On returning home, I began to question Japan’s longstanding resistance to GMOs like never before.

If we want our agricultural system to provide high-quality food at reasonable prices in a way that respects the environment, we need to reject non-science-based ideology and embrace safe technology. Time and again, the studies of our own government have shown that GMOs present no risk to human health or biodiversity.

I’m hopeful that the Japanese public will become more accepting of GMOs, but I’m especially heartened by the rise of gene-edited crops, sometimes called new genomic techniques, or NGTs. This different approach to biotechnology presents Japan with a breakthrough opportunity to welcome the latest advances in crop science.

A few gene-edited products are already on the market. With time, people will get used to them and recognize that they can become a part of a healthy and nutritious diet and will specifically request them.

Demographic factors also may play a role. The population of Japan is aging. This is driven partly by the fact that people are living longer, which is good, but mostly by declining birthrates, which is bad. This has enormous implications for the economics of agriculture, as some farmers quit the business and fewer children want to take up the occupations of their ancestors.

The future of farming in Japan therefore is large-scale and liquid, as smaller numbers of farmers will take on the obligation of overseeing more agriculture land. This new generation will push for productivity by taking advantage of safe technologies while also committing to sustainable practices.

They’re going to need my new group, the JBCN.

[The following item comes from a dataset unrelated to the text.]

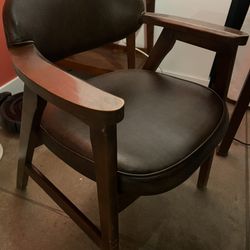 Two Leather And Wood Chairs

We’re ready to improve agriculture in Japan—and if we can lead the way here, we can lead the whole world.

Shuichi Tokumoto

Shuichi Tokumoto

Shuichi Tokumoto produces rice, beans and corn on 1,000 hectares. Having been introduced to GM crop systems and new seed coating technology, he plans to use sustainable practices to grow GM crops with an emphasis on environmentally friendly agriculture. He serves as representative director, Agricultural Corporation Tree & Norf Company.